Beide Hauptpersonen, Saad und Nihal, haben mithin „Migrationshintergrund“, aber ganz unterschiedliche Probleme. Während Saads Problem eher selbst verschuldet ist, wurde Nihal in eine familiäre Situation geboren, in der sie es mit ihren Ambitionen niemandem recht machen kann. Ihre aus Aserbaidschan stammenden Eltern missbilligen ganz allgemein alles, was sie tut. Dass sie als Polizistin einschreiten muss, als ihr Bruder kriminell wird, bringt ihr den endgültigen väterlichen Bann ein.
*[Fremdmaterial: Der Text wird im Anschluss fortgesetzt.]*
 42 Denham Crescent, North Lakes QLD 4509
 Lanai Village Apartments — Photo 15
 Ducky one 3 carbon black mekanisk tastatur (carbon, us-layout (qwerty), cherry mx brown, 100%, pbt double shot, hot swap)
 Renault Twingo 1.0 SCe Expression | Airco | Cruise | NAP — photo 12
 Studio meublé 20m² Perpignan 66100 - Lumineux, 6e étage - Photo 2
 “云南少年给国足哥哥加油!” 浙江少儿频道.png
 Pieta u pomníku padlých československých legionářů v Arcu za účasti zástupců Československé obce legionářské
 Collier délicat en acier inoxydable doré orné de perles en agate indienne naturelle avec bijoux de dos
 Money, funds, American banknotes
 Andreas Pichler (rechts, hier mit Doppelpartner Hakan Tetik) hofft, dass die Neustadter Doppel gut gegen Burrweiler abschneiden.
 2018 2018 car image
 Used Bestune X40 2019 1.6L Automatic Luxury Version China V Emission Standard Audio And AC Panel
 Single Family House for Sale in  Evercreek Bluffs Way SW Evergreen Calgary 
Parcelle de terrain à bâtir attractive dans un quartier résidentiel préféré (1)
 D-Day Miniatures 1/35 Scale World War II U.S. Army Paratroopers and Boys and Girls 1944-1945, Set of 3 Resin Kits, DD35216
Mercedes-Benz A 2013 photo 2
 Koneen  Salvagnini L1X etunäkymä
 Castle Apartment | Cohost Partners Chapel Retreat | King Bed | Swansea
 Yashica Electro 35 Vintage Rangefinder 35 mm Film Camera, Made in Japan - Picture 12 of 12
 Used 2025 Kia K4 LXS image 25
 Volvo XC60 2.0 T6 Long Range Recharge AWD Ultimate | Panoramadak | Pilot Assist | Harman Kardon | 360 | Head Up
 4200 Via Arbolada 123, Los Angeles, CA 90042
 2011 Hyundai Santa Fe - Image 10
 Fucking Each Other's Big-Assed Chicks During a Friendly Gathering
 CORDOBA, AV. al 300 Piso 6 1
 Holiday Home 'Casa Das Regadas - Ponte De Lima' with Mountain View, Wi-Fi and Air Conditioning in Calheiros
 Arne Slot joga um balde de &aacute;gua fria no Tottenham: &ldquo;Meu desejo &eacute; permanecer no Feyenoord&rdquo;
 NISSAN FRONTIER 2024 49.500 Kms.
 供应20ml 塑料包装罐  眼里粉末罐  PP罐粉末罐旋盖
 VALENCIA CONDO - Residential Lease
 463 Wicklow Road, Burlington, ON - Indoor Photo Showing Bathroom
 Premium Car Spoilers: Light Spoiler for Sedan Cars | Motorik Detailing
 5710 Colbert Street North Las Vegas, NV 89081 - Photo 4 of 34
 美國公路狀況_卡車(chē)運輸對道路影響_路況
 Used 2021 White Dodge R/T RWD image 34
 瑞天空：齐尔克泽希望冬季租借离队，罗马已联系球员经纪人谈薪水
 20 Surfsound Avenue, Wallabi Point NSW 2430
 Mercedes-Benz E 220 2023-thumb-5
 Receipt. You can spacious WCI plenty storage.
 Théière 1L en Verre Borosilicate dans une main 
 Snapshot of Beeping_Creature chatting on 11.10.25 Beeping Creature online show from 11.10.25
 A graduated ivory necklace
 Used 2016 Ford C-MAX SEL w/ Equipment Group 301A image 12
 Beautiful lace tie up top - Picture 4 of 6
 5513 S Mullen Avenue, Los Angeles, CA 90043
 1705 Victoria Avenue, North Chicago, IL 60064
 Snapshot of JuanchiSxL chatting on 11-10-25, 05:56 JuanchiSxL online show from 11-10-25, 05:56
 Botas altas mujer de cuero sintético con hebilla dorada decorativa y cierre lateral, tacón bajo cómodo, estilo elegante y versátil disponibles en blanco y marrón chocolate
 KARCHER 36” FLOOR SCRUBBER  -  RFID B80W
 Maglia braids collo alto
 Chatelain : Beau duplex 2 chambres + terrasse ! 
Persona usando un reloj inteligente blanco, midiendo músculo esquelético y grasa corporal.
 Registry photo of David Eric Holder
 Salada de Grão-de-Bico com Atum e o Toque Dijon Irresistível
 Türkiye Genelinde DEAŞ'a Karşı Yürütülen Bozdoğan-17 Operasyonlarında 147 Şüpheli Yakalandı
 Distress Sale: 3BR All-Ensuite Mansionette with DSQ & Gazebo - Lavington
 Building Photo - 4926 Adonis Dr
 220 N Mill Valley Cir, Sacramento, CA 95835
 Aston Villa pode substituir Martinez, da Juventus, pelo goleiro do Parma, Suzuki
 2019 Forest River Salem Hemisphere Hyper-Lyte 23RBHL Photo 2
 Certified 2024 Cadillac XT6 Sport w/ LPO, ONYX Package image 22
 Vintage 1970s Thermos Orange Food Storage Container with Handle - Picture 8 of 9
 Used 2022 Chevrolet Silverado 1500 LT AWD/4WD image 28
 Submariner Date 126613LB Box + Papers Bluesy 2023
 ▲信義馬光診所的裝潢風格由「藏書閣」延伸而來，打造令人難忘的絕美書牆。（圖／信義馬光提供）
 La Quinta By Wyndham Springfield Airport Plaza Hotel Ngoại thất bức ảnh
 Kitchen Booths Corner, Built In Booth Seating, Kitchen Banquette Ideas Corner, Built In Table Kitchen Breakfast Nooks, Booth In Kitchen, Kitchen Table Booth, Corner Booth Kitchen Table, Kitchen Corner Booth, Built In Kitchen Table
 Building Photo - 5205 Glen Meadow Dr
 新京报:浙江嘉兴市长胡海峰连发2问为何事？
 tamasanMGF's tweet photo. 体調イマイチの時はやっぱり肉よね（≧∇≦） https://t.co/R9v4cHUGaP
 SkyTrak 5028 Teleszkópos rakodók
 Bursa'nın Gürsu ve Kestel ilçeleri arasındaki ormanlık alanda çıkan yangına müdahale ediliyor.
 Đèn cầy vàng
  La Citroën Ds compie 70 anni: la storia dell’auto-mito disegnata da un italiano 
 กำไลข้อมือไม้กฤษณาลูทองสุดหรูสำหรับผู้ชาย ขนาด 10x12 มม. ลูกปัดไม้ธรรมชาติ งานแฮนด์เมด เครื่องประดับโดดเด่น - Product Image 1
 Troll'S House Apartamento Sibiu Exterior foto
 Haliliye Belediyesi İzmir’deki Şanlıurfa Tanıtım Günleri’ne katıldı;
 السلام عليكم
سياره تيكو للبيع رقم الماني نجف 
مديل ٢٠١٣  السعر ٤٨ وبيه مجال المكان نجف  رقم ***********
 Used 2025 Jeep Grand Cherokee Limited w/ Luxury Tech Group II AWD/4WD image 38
Eine Überlegung ins Blaue: Die feministische Grundausrichtung dieser Figurenkonstellation könnte darauf hindeuten, dass der Roman von einer Frau/einer als weiblich zu lesenden Person geschrieben wurde. Andererseits gibt es schließlich auch viele feministisch denkende Männer/männlich zu lesende Menschen. Und ist nicht die ständige Visualisierung der Polizistin in eng anliegenden schwarzen Ganzkörperanzügen eine Männerfantasie? Oder eher doch ein feministischer Selbstermächtigungstopos?

Milieu der Billigjobs

Die Handlung bildet auf zwanglose Weise Bandbreite und Widersprüchlichkeit der Berliner Sozialstruktur ab. Das Milieu der Billigjobs, in denen häufig neu- Eingewanderte ihr Leben fristen, kommt ebenso vor wie jenes der höheren Regierungskreise, in denen im teuren Dienstwagen durch die Gegend gefahren, teuer gespeist und (in diesem fiktiven Fall) der Hals doch nie vollgekriegt wird. Und auch die Party- und Drogenszene bekommt ihr Fett weg. Die Actionszenen sind spannend geschrieben und mit gut dosierter Situationskomik grundiert. (Auch das könnte, ebenso wie der vollendet lakonische Stil und die überlegene Dialogführung, eventuell als Hinweis auf die Person der AutorIn dienen.)

Für die romantischen Naturen unter den Lesenden hat die schreibende Person noch eine Love Story zwischen den beiden Hauptfiguren hingesponnen, wie Jane Austen sie kaum zarter hätte andeuten können. Nur dass hier auch mal geküsst wird; doch erst nachdem die zahlreichen Leichen ordentlich beseitigt wurden, die vorher angefallen sind. Das Schönste aber ist, dass der Roman ganz und gar seinem Titel entspricht und damit eine höhere Gerechtigkeit herstellt, die es so auf Erden gar nicht gibt.

Deswegen ist dies keineswegs ein Noir-Roman, sondern, so blutig es zwischendurch zugehen mag, vielmehr eine romantische Thrillerkomödie mit märchenhaften Zügen: Die Bösen sind am Ende nämlich (Achtung, Spoiler!) alle mausetot. Die Guten steigen in den Flixbus nach Hamburg.